Short descriptive text snippets:
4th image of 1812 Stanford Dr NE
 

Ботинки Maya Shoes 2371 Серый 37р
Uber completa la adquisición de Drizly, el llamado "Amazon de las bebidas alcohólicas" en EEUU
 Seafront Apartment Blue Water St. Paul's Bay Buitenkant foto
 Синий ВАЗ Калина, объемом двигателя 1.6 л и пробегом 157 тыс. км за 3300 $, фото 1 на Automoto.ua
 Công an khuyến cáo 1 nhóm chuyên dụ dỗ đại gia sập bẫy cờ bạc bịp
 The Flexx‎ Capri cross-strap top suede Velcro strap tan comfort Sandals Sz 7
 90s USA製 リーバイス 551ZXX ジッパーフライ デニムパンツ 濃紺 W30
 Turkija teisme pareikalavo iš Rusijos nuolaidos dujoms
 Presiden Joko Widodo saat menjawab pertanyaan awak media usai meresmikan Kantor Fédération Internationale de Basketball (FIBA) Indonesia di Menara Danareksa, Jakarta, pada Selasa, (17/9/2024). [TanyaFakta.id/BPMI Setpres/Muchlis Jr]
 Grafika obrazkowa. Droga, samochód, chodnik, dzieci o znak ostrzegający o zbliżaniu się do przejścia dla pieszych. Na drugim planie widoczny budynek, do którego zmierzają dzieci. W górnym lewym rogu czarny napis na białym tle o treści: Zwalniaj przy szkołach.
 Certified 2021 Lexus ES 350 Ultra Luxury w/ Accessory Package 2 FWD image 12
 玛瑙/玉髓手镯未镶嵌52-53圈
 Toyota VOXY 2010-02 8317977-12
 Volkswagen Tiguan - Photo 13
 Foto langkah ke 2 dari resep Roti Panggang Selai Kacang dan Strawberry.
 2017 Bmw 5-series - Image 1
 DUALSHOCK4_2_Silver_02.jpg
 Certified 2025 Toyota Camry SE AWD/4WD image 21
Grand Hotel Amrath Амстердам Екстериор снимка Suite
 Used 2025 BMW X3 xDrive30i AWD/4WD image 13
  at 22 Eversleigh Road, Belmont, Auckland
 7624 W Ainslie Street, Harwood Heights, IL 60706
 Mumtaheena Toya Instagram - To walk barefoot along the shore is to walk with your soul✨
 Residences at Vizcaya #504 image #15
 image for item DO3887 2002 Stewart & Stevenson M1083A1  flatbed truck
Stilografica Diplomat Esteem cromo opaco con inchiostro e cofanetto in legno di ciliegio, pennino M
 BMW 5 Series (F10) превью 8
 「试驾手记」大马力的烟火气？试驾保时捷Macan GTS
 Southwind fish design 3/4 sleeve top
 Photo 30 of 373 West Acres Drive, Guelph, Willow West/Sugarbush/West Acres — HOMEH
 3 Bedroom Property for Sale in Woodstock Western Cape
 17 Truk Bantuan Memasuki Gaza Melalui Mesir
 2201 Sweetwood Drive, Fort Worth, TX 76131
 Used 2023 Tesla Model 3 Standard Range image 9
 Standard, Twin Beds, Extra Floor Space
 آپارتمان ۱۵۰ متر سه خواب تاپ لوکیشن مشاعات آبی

PROMPT: Could you give the records above again, exactly and in full?

RESULT OF THIS EXERCISE:
4th image of 1812 Stanford Dr NE
 

Ботинки Maya Shoes 2371 Серый 37р
Uber completa la adquisición de Drizly, el llamado "Amazon de las bebidas alcohólicas" en EEUU
 Seafront Apartment Blue Water St. Paul's Bay Buitenkant foto
 Синий ВАЗ Калина, объемом двигателя 1.6 л и пробегом 157 тыс. км за 3300 $, фото 1 на Automoto.ua
 Công an khuyến cáo 1 nhóm chuyên dụ dỗ đại gia sập bẫy cờ bạc bịp
 The Flexx‎ Capri cross-strap top suede Velcro strap tan comfort Sandals Sz 7
 90s USA製 リーバイス 551ZXX ジッパーフライ デニムパンツ 濃紺 W30
 Turkija teisme pareikalavo iš Rusijos nuolaidos dujoms
 Presiden Joko Widodo saat menjawab pertanyaan awak media usai meresmikan Kantor Fédération Internationale de Basketball (FIBA) Indonesia di Menara Danareksa, Jakarta, pada Selasa, (17/9/2024). [TanyaFakta.id/BPMI Setpres/Muchlis Jr]
 Grafika obrazkowa. Droga, samochód, chodnik, dzieci o znak ostrzegający o zbliżaniu się do przejścia dla pieszych. Na drugim planie widoczny budynek, do którego zmierzają dzieci. W górnym lewym rogu czarny napis na białym tle o treści: Zwalniaj przy szkołach.
 Certified 2021 Lexus ES 350 Ultra Luxury w/ Accessory Package 2 FWD image 12
 玛瑙/玉髓手镯未镶嵌52-53圈
 Toyota VOXY 2010-02 8317977-12
 Volkswagen Tiguan - Photo 13
 Foto langkah ke 2 dari resep Roti Panggang Selai Kacang dan Strawberry.
 2017 Bmw 5-series - Image 1
 DUALSHOCK4_2_Silver_02.jpg
 Certified 2025 Toyota Camry SE AWD/4WD image 21
Grand Hotel Amrath Амстердам Екстериор снимка Suite
 Used 2025 BMW X3 xDrive30i AWD/4WD image 13
  at 22 Eversleigh Road, Belmont, Auckland
 7624 W Ainslie Street, Harwood Heights, IL 60706
 Mumtaheena Toya Instagram - To walk barefoot along the shore is to walk with your soul✨
 Residences at Vizcaya #504 image #15
 image for item DO3887 2002 Stewart & Stevenson M1083A1  flatbed truck
Stilografica Diplomat Esteem cromo opaco con inchiostro e cofanetto in legno di ciliegio, pennino M
 BMW 5 Series (F10) превью 8
 「试驾手记」大马力的烟火气？试驾保时捷Macan GTS
 Southwind fish design 3/4 sleeve top
 Photo 30 of 373 West Acres Drive, Guelph, Willow West/Sugarbush/West Acres — HOMEH
 3 Bedroom Property for Sale in Woodstock Western Cape
 17 Truk Bantuan Memasuki Gaza Melalui Mesir
 2201 Sweetwood Drive, Fort Worth, TX 76131
 Used 2023 Tesla Model 3 Standard Range image 9
 Standard, Twin Beds, Extra Floor Space
 آپارتمان ۱۵۰ متر سه خواب تاپ لوکیشن مشاعات آبی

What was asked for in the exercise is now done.